As an artist and educator turned UX designer I have been taking note of the parallels and differences between the practice of art making and design.

I have seen many people write about how art asks — design answers, art is for expression — design is for utility. These felt relatively close to explaining what one practice does versus the other, but the one I disagreed with most was art has no rules and no set process.

Art history sets the boundaries, the context, the questions, the frame for contemporary art. There is a language like design used in the community to discuss an art practice in order for others to understand. Without any of this, art would have a hard time existing. It is true art tends to ask more than it answers — it is more like something to contemplate, a rhetorical device. But there are rules around the questions mostly set by the context of culture and society that gain attention of viewers, curators and museums.

Design does have a stricter set of rules to be successful, it sets up the context and solves a problem typically. Design has a solution. Art is resolved.

But I believe that art making and design live in each other’s wheel house — like an odd couple — one a mess and one a neat freak in the same apartment. Both have processes which the other utilizes and requires in order to be successful whether it be a question or answer. Both are about creating experiences for someone other than the creator.

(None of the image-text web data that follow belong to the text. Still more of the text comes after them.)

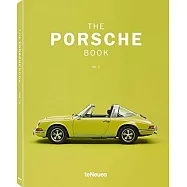 The Porsche Book Vol. 2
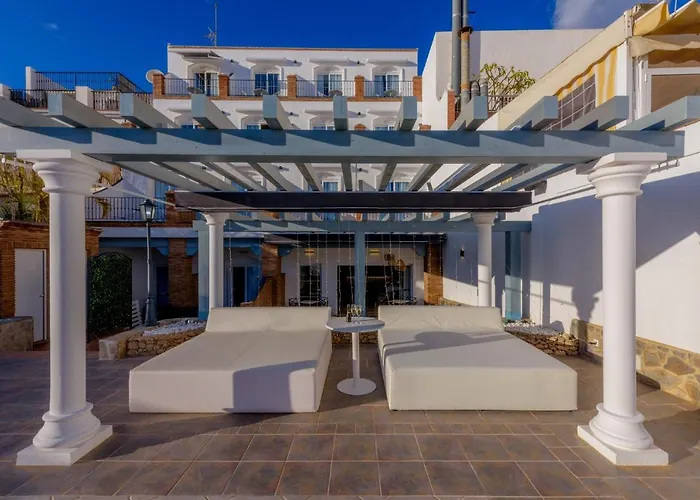 Boutique Sibarys - Adults Recommended Nerja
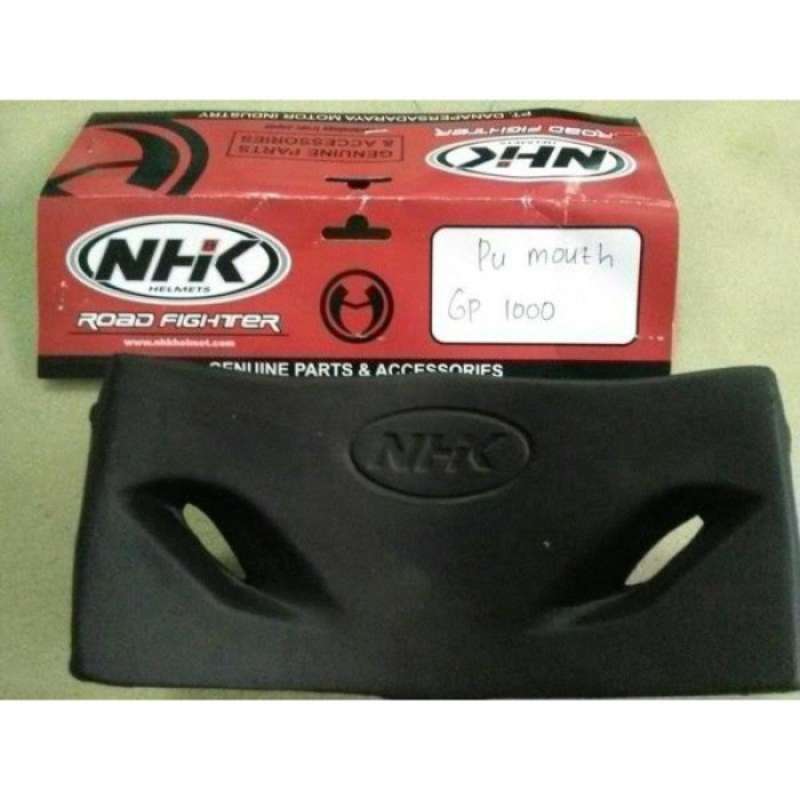 Promo Busa Mulut Nhk Gp 1000 Diskon 23 di Seller FuStore Cipete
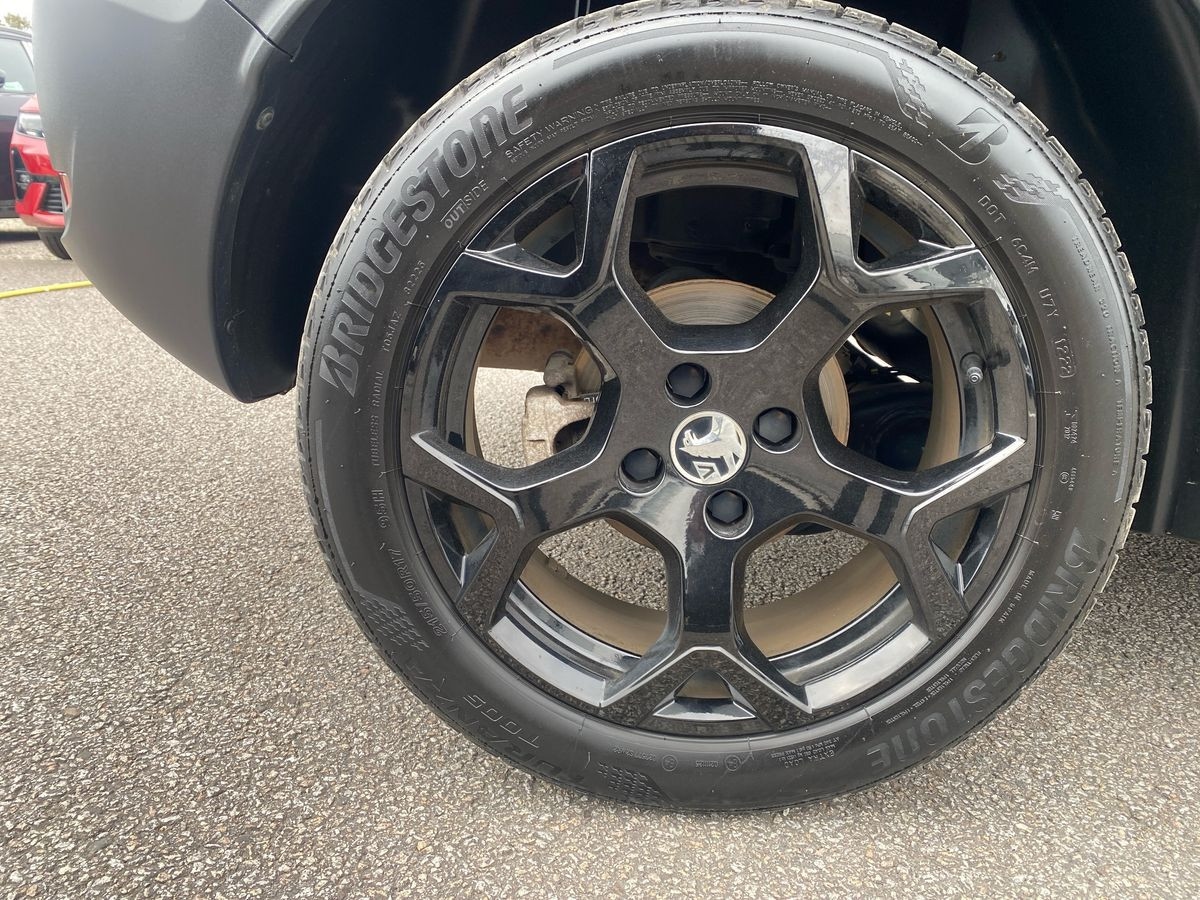 Used Vauxhall Crossland 2022 for sale - 75963407: Photo 24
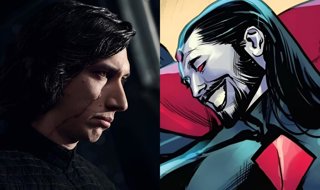 Marvel quiere al Mister Siniestro de Adam Driver en más proyectos tras la película de X-Men
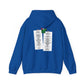 Phillies Billies 2025 *With Setlist Hoodie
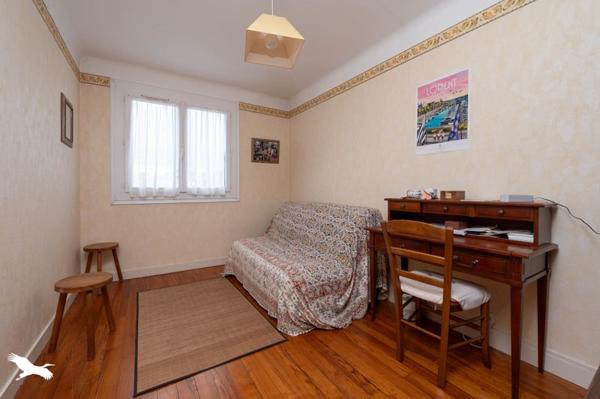 Appartement à vendre |  Lorient |  5 pièces | 79 m²
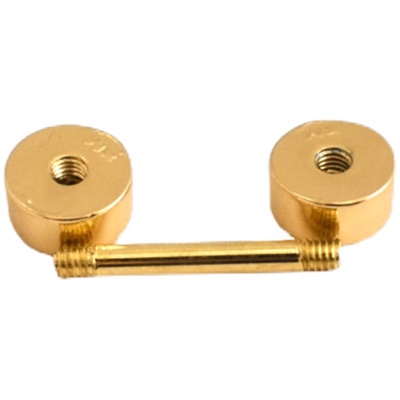 包包扣配件五金包带环铆钉螺丝扣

So I wanted to try to understand where my art practice — the what and how it worked — lives with my design practice. To do this I mapped out my art practice in a flow. But as you may notice I found it difficult to define what is an action versus a process since many things feel like both. So I resolved to letting ‘actions’ be initial jumping off points for longer series of actions which are identified as ‘processes’.

Then I did the same for my UX design practice.

After I compared the two overlaying the double diamond’s main segments, Discover -> Define -> Develop -> Deliver, with many segments overlapping since there is never a clear division.

After reflecting on these diagrams for both practices — art and design — I felt like the art in design fell in the prototyping loop (a sloppy process) where experiments are quickly generated, tested, and reflected on and then revised towards a solution to be delivered.

I also realized that art making needs a designed process with constraints in order to develop compelling questions. It is a funnel for creativity to bring something into being that was not there before.

Both art and design for me are necessary roommates in keeping creative energy flexible, compelling storytelling at the core and curiosity elevated.